22.6. Responding to the lifecycle in the build script

Your build script can receive notifications as the build progresses through its lifecycle. These notifications generally take two forms: You can either implement a particular listener interface, or you can provide a closure to execute when the notification is fired. The examples below use closures. For details on how to use the listener interfaces, refer to the API documentation.

22.6.1. Project evaluation

You can receive a notification immediately before and after a project is evaluated. This can be used to do things like performing additional configuration once all the definitions in a build script have been applied, or for some custom logging or profiling.

Below is an example which adds a test task to each project which has a hasTests property value of true.

Example 22.5. Adding of test task to each project which has certain property set

build.gradle

allprojects {
    afterEvaluate { project ->
        if (project.hasTests) {
            println "Adding test task to $project"
            project.task('test') {
                doLast {
                    println "Running tests for $project"
                }
            }
        }
    }
}

projectA.gradle

hasTests = true

Output of gradle -q test

> gradle -q test
Adding test task to project ':projectA'
Running tests for project ':projectA'

This example uses method Project.afterEvaluate() to add a closure which is executed after the project is evaluated.

It is also possible to receive notifications when any project is evaluated. This example performs some custom logging of project evaluation. Notice that the afterProject notification is received regardless of whether the project evaluates successfully or fails with an exception.

Example 22.6. Notifications

build.gradle

gradle.afterProject {project, projectState ->
    if (projectState.failure) {
        println "Evaluation of $project FAILED"
    } else {
        println "Evaluation of $project succeeded"
    }
}

Output of gradle -q test

> gradle -q test
Evaluation of root project 'buildProjectEvaluateEvents' succeeded
Evaluation of project ':projectA' succeeded
Evaluation of project ':projectB' FAILED

You can also add a ProjectEvaluationListener to the Gradle to receive these events.

22.6.2. Task creation

You can receive a notification immediately after a task is added to a project.
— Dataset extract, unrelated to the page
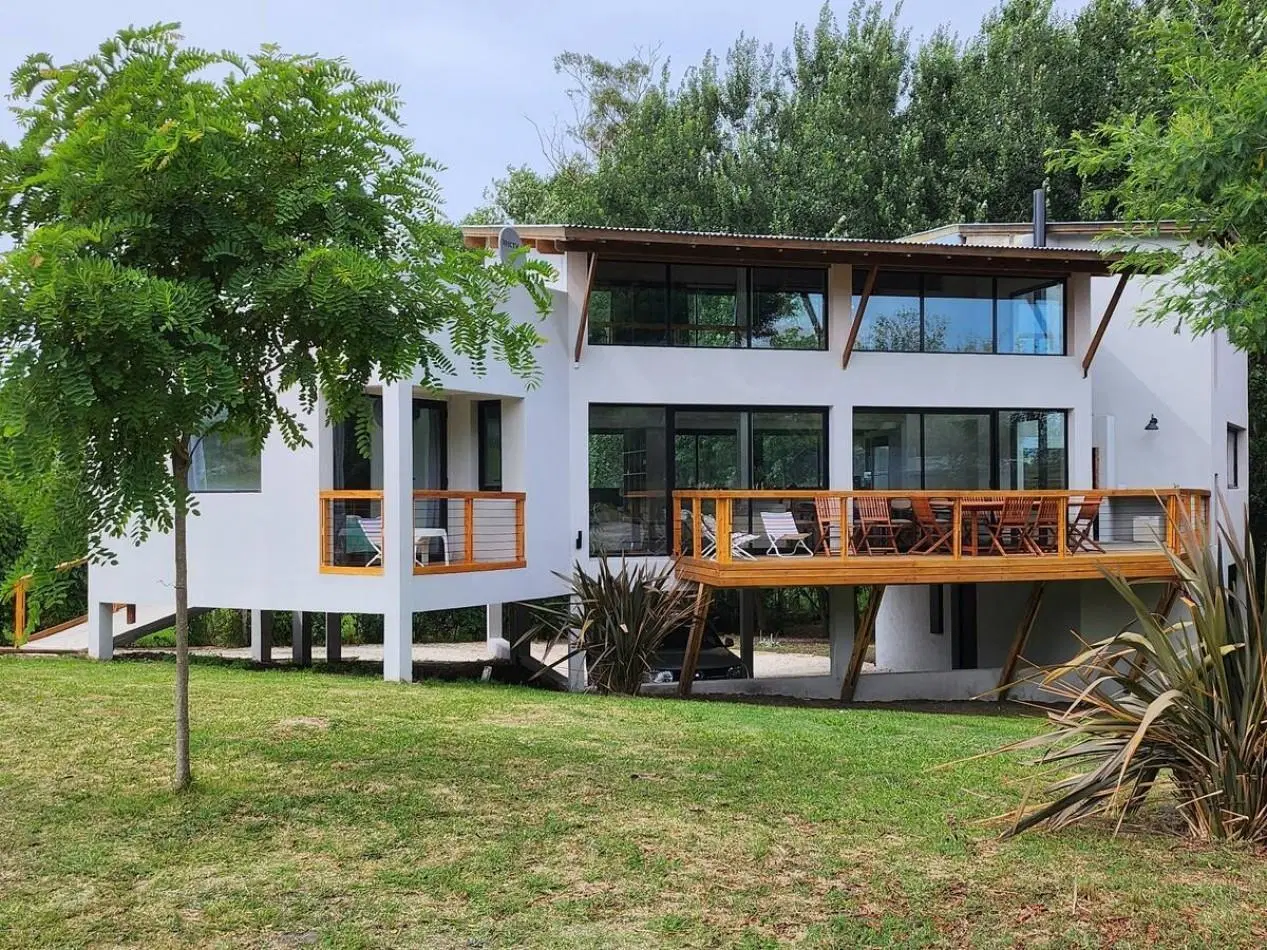 VENTA - CASA 5 AMBIENTES EN BARRIO CERRADO SAN BENITO 3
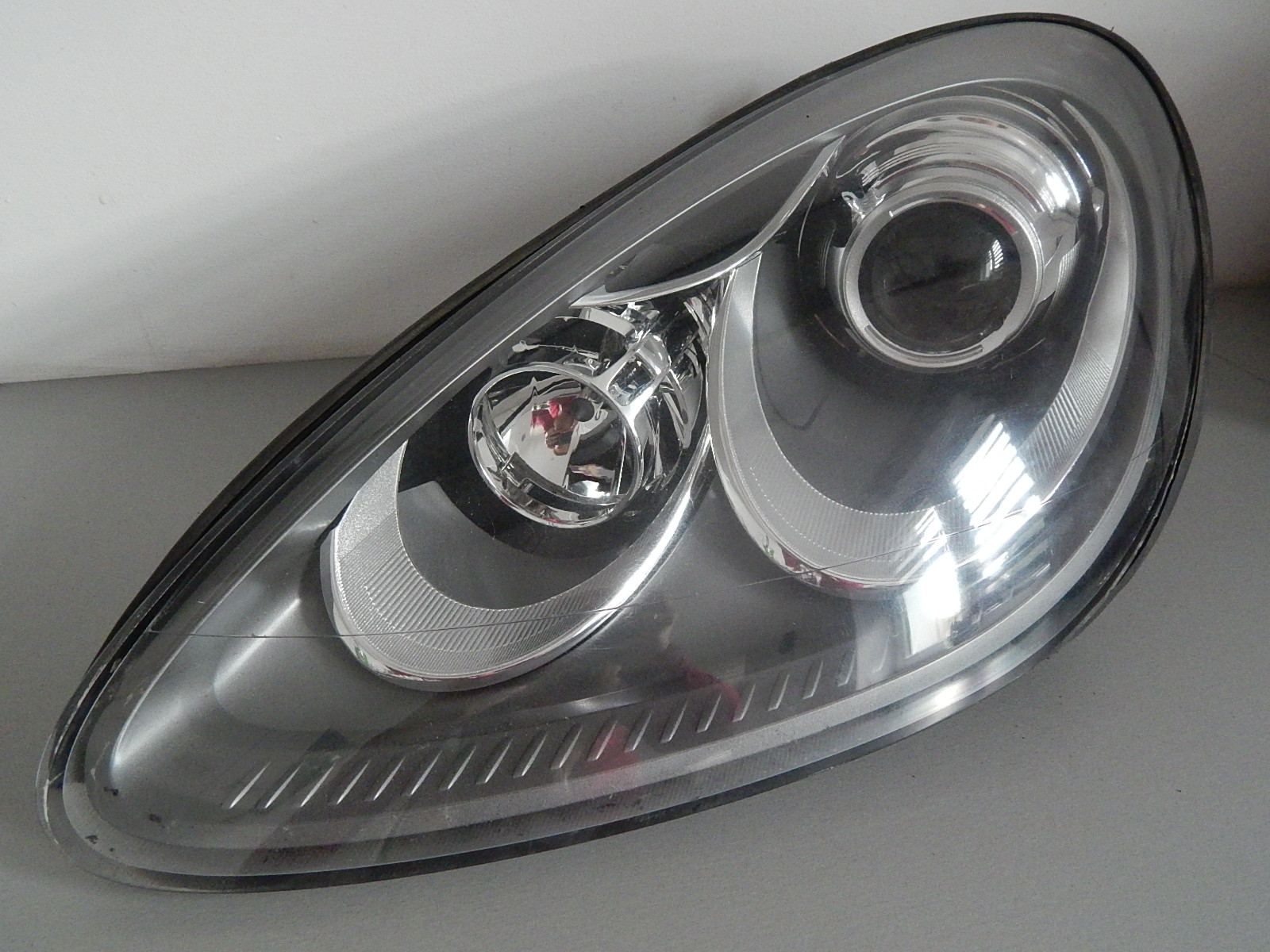 Naprawa świateł samochodowych Porsche Cayenne II lewa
This can be used to set some default values or add behaviour before the task is made available in the build file.

The following example sets the srcDir property of each task as it is created.

Example 22.7. Setting of certain property to all tasks

build.gradle

tasks.whenTaskAdded { task ->
    task.ext.srcDir = 'src/main/java'
}

task a

println "source dir is $a.srcDir"

Output of gradle -q a

> gradle -q a
source dir is src/main/java

You can also add an Action to a TaskContainer to receive these events.
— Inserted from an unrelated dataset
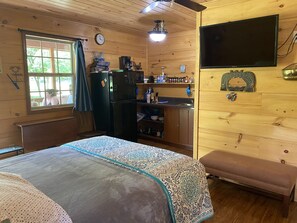 Traditional-Ferienhütte, 1 Queen-Bett und Schlafsofa, Blick auf den Innenhof | Wohnbereich | 40-Zoll-Fernseher mit Digitalempfang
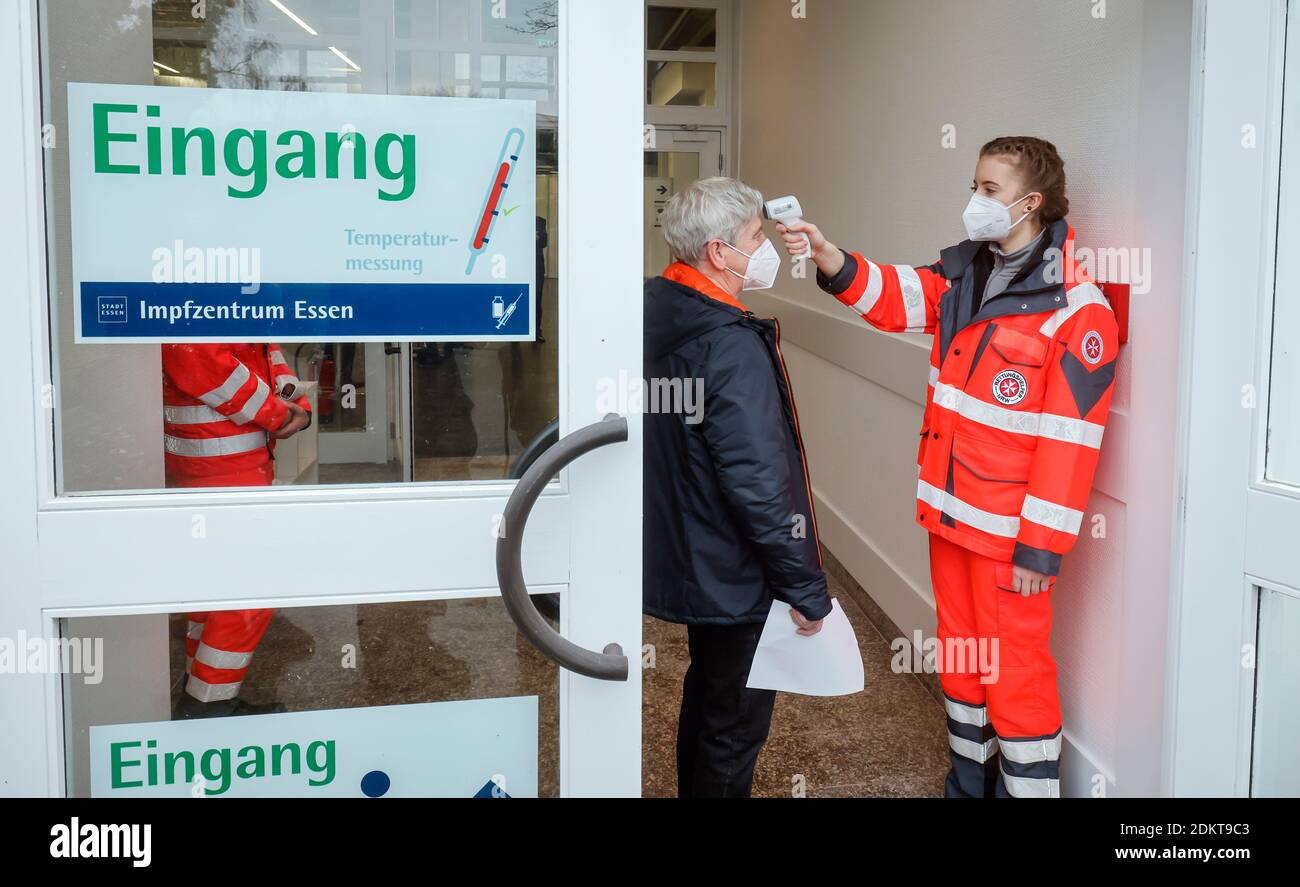 Essen, zona della Ruhr, Renania Settentrionale-Vestfalia, Germania - Corona Vaccination Centre Essen nelle sale di Messe Essen, qui più di 2,000 persone devono essere Foto Stock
22.6.3. Task execution graph ready

You can receive a notification immediately after the task execution graph has been populated. We have seen this already in Section 16.13, “Configure by DAG”.

You can also add a TaskExecutionGraphListener to the TaskExecutionGraph to receive these events.

22.6.4. Task execution

You can receive a notification immediately before and after any task is executed.
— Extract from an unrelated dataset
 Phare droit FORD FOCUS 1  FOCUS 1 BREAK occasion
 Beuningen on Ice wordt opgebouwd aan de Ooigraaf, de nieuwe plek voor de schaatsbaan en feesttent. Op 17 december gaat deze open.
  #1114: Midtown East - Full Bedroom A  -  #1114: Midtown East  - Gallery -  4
The following example logs the start and end of each task execution. Notice that the afterTask notification is received regardless of whether the task completes successfully or fails with an exception.

Example 22.8. Logging of start and end of each task execution

build.gradle

task ok

task broken(dependsOn: ok) {
    doLast {
        throw new RuntimeException('broken')
    }
}

gradle.taskGraph.beforeTask { Task task ->
    println "executing $task ..."
}

gradle.taskGraph.afterTask { Task task, TaskState state ->
    if (state.failure) {
        println "FAILED"
    }
    else {
        println "done"
    }
}

Output of gradle -q broken

> gradle -q broken
executing task ':ok' ...
done
executing task ':broken' ...
FAILED

You can also use a TaskExecutionListener to the TaskExecutionGraph to receive these events.



[9] Gradle supports partial multiproject builds (see Chapter 26, Multi-project Builds).